___ RECORDS FOR THE TASK

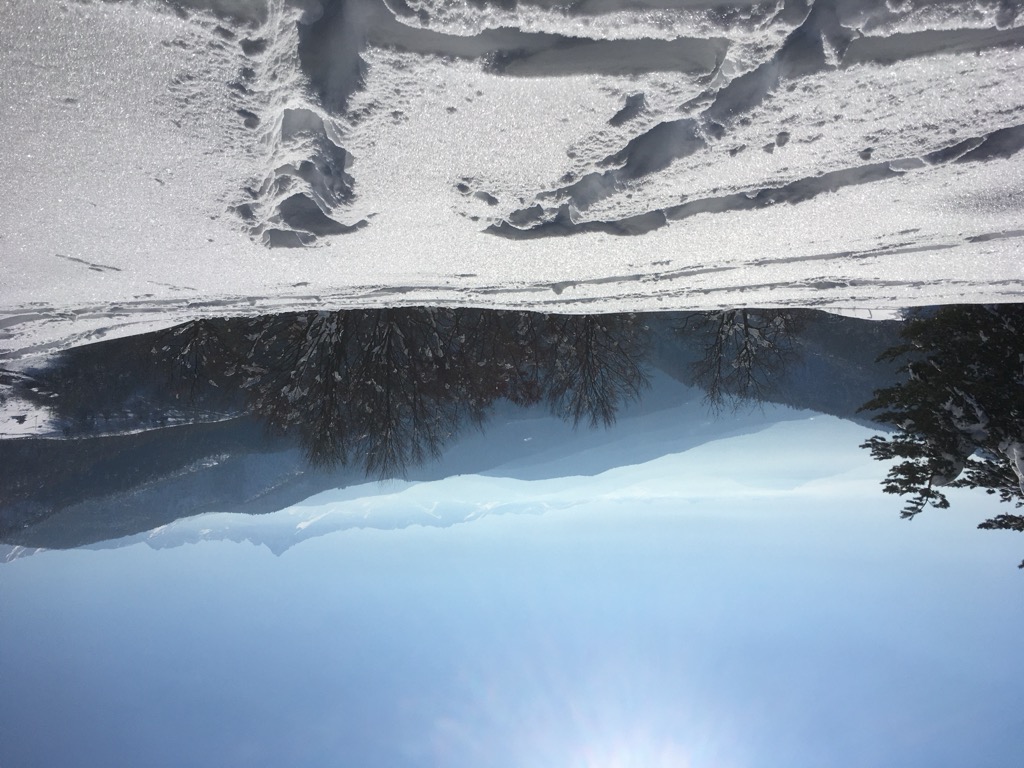 Photo №2 of Colle Ciardonet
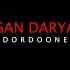 Ehsan Daryadel Dordoone OFFICIAL MUSIC VIDEO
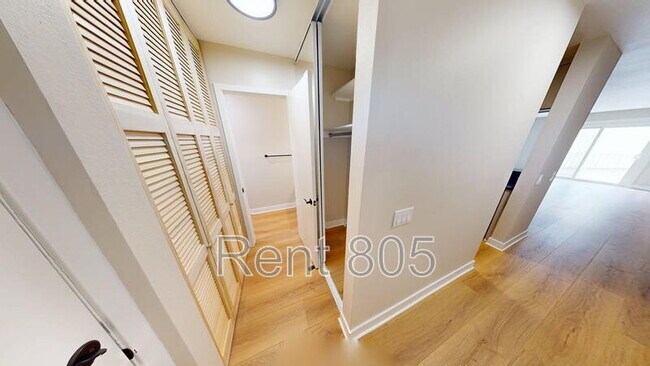 Foto del edificio - 309 E Surfside Dr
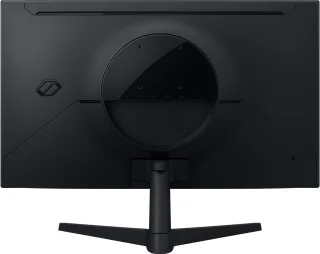 Samsung Odyssey G5 G53F 27" Monitor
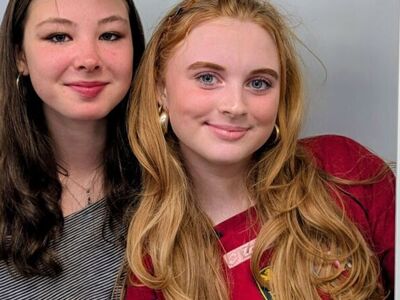 921ecee6 55d1 48b6 aea5 16f9118291f8~1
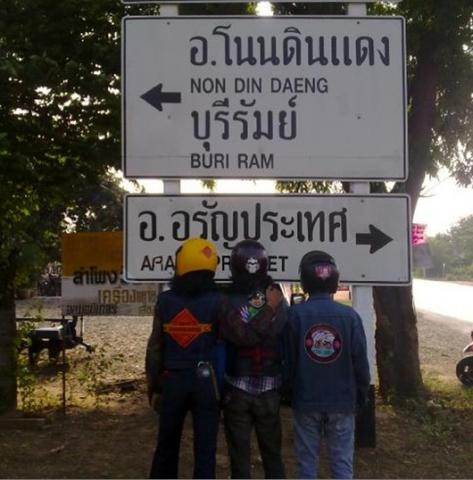 Name:  34.jpg
Views: 35
Size:  36.4 KB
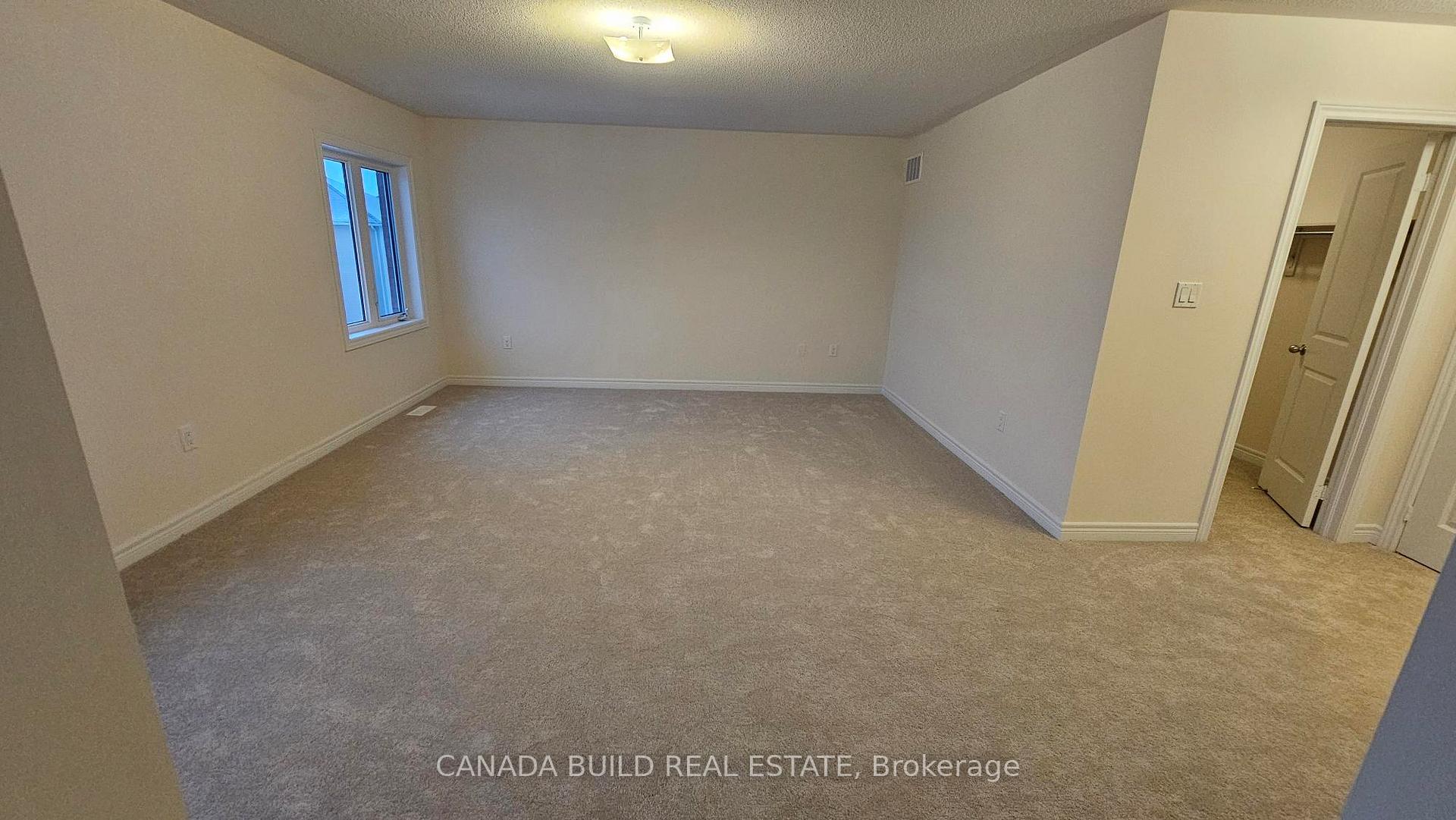 Photo 19 of 253 Chippewa Avenue, Shelburne — HOMEH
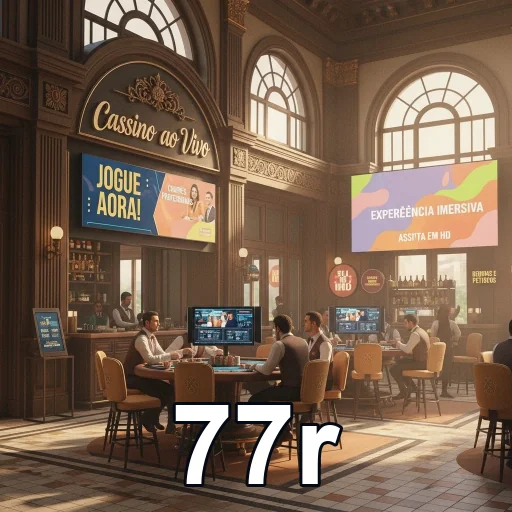 Ilustração de Pagamentos Protegidos para Sua Tranquilidade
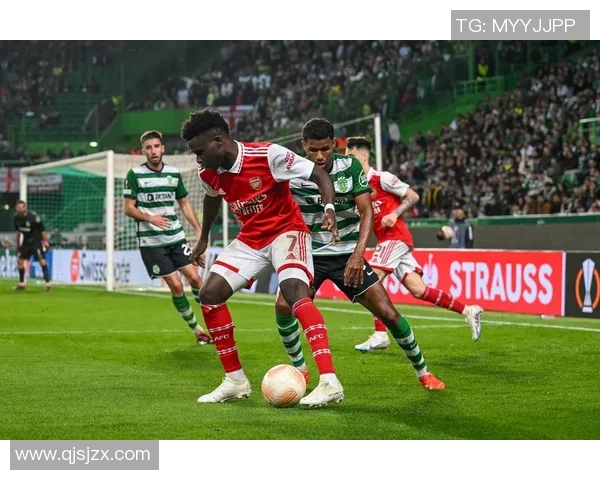 阿森纳与悉尼点球大战精彩回顾双方球员表现引发热议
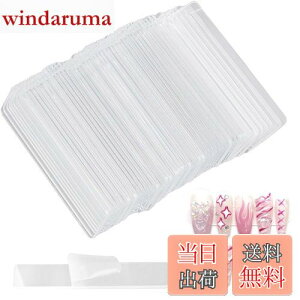 yzPAVIKE lCTvfBXvC{[h (50)lCA[g W pl lC`bvW {{[h lCA[g KfBXvC lC lC[fBXv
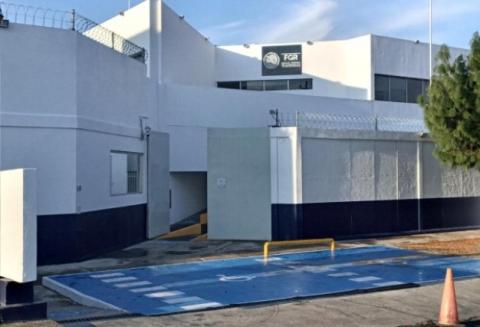 Vinculan a proceso a seis tlaxcaltecas por secuestro de 726 migrantes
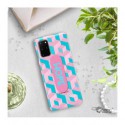 ETUI MULTIBAND NA TELEFON SAMSUNG GALAXY S20 PLUS MIX-2020-1-114
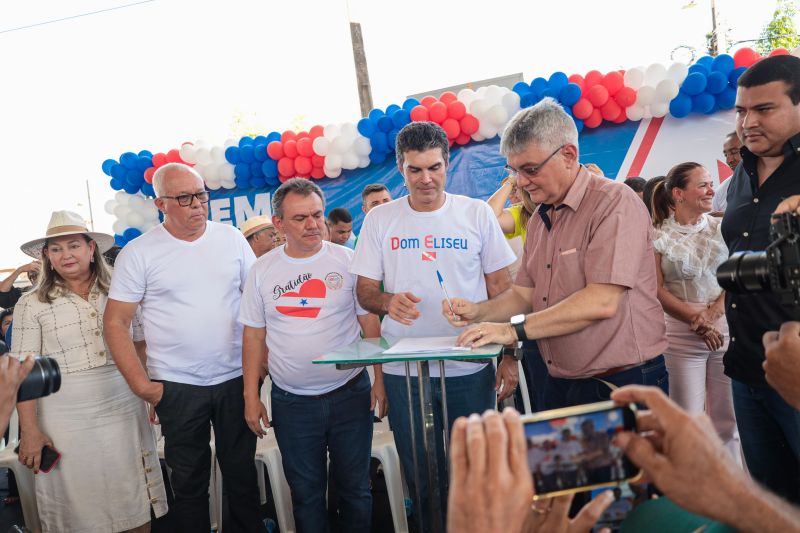 <div class='credito_fotos'>Foto: Pedro Guerreiro / Ag. Pará | <a href='/midias/2024/originais/20263_9daee925-450e-f5b4-97e1-608d1e1e47b7.jpg' download><i class='fa-solid fa-download'></i> Download</a></div>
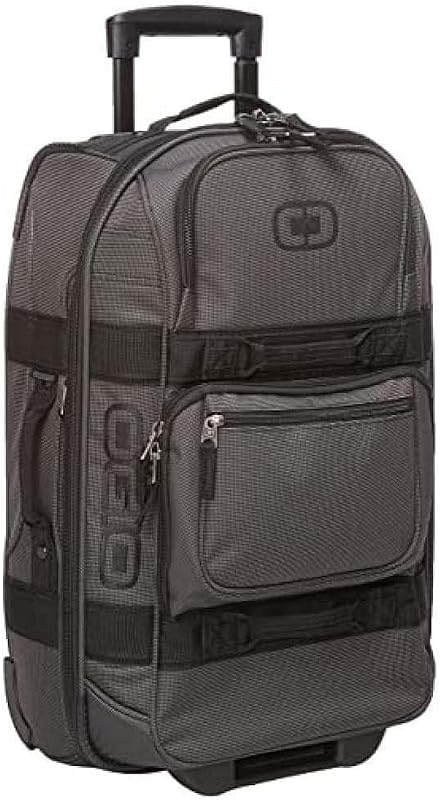 OGIO Layover Travel Bag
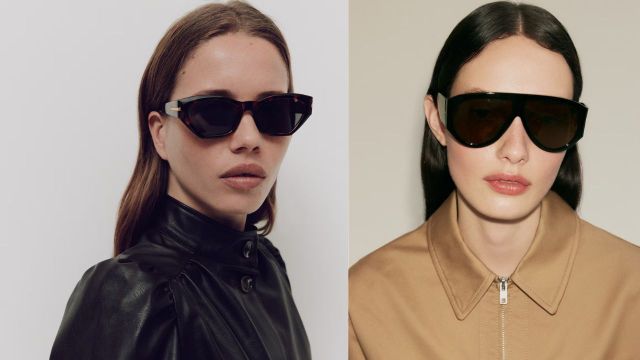 Best H&M women’s sunglasses to check out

______

- WHAT IS BEING ASKED:
The records above must be printed exactly, but the pictures they hold should be omitted.

- FINISHED TASK:
 Photo №2 of Colle Ciardonet
 Ehsan Daryadel Dordoone OFFICIAL MUSIC VIDEO
 Foto del edificio - 309 E Surfside Dr
 Samsung Odyssey G5 G53F 27" Monitor
 921ecee6 55d1 48b6 aea5 16f9118291f8~1
 Name:  34.jpg
Views: 35
Size:  36.4 KB
 Photo 19 of 253 Chippewa Avenue, Shelburne — HOMEH
 Ilustração de Pagamentos Protegidos para Sua Tranquilidade
 阿森纳与悉尼点球大战精彩回顾双方球员表现引发热议
 yzPAVIKE lCTvfBXvC{[h (50)lCA[g W pl lC`bvW {{[h lCA[g KfBXvC lC lC[fBXv
 Vinculan a proceso a seis tlaxcaltecas por secuestro de 726 migrantes
 ETUI MULTIBAND NA TELEFON SAMSUNG GALAXY S20 PLUS MIX-2020-1-114
 <div class='credito_fotos'>Foto: Pedro Guerreiro / Ag. Pará | <a href='/midias/2024/originais/20263_9daee925-450e-f5b4-97e1-608d1e1e47b7.jpg' download><i class='fa-solid fa-download'></i> Download</a></div>
 OGIO Layover Travel Bag
 Best H&M women’s sunglasses to check out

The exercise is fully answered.